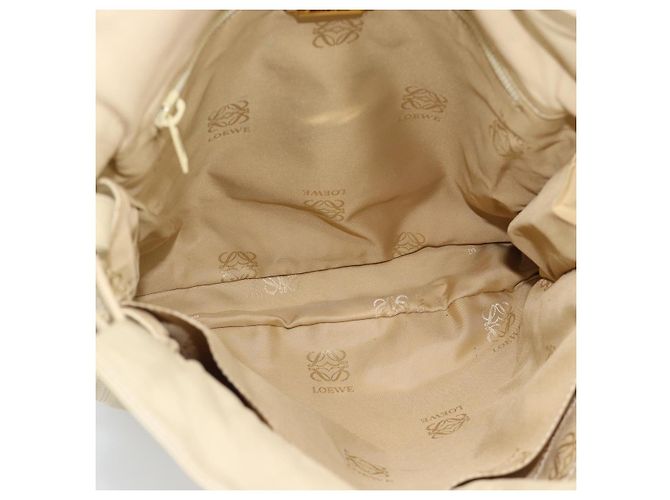LOEWE Anagram Shoulder Bag Leather Ivory Gold Auth bs36600 D'oro Crudo - vista 12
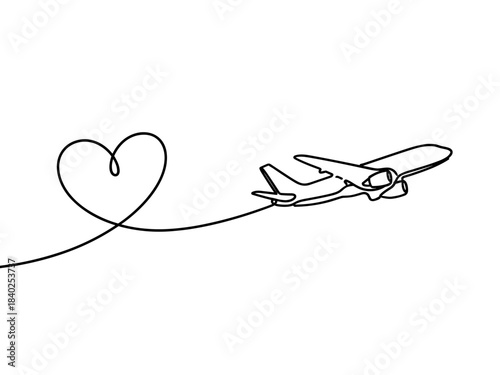 Airplane with heart shape line art illustration  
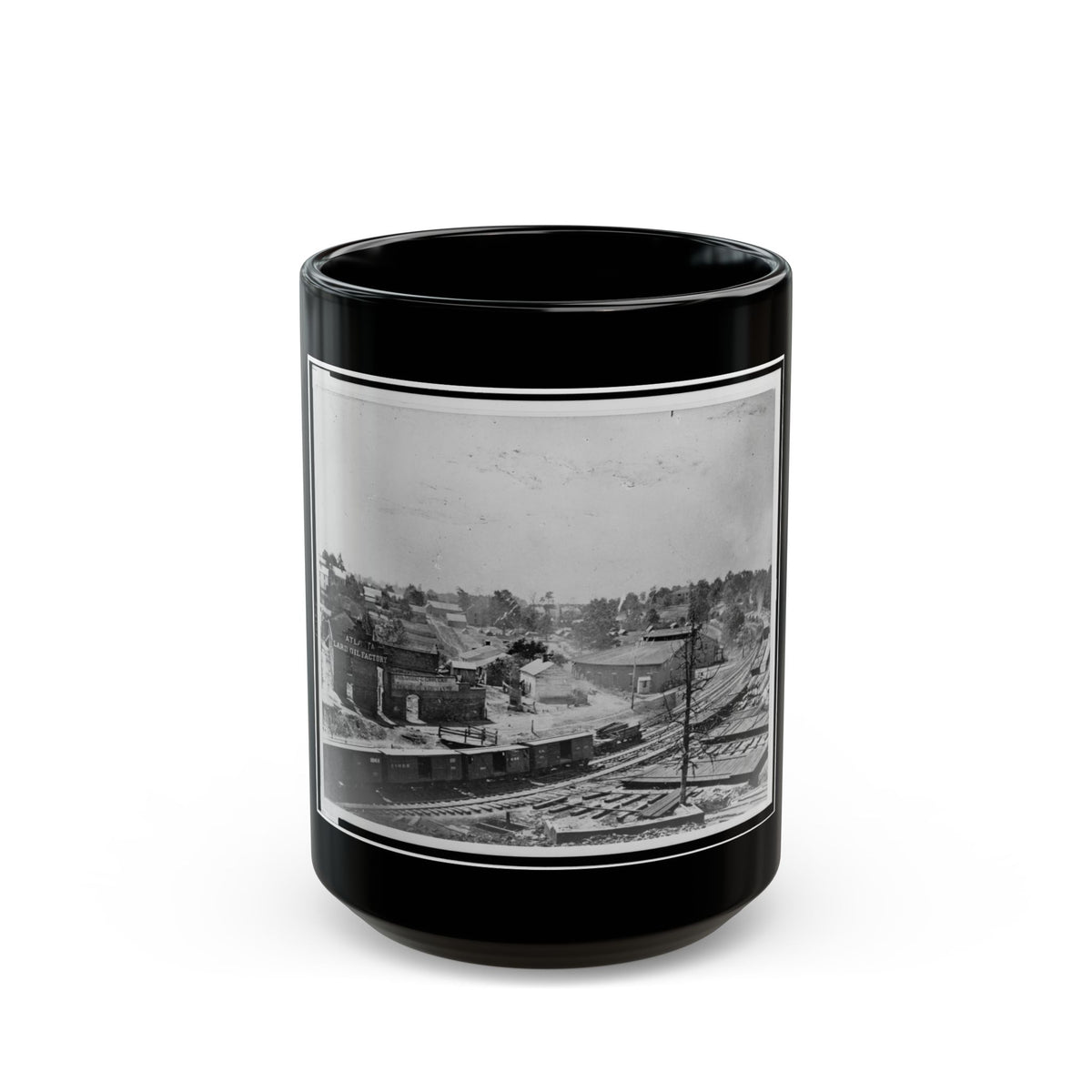 View Of Atlanta, Georgia, With Railroad Cars In Left Foreground (U.S. Civil War) Black Coffee Mug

....................

Please write out the lines above exactly, from the one that contains "Airplane with heart" through the final line, and include none of the pictures.

**Response to the exercise**
 Airplane with heart shape line art illustration  
 View Of Atlanta, Georgia, With Railroad Cars In Left Foreground (U.S. Civil War) Black Coffee Mug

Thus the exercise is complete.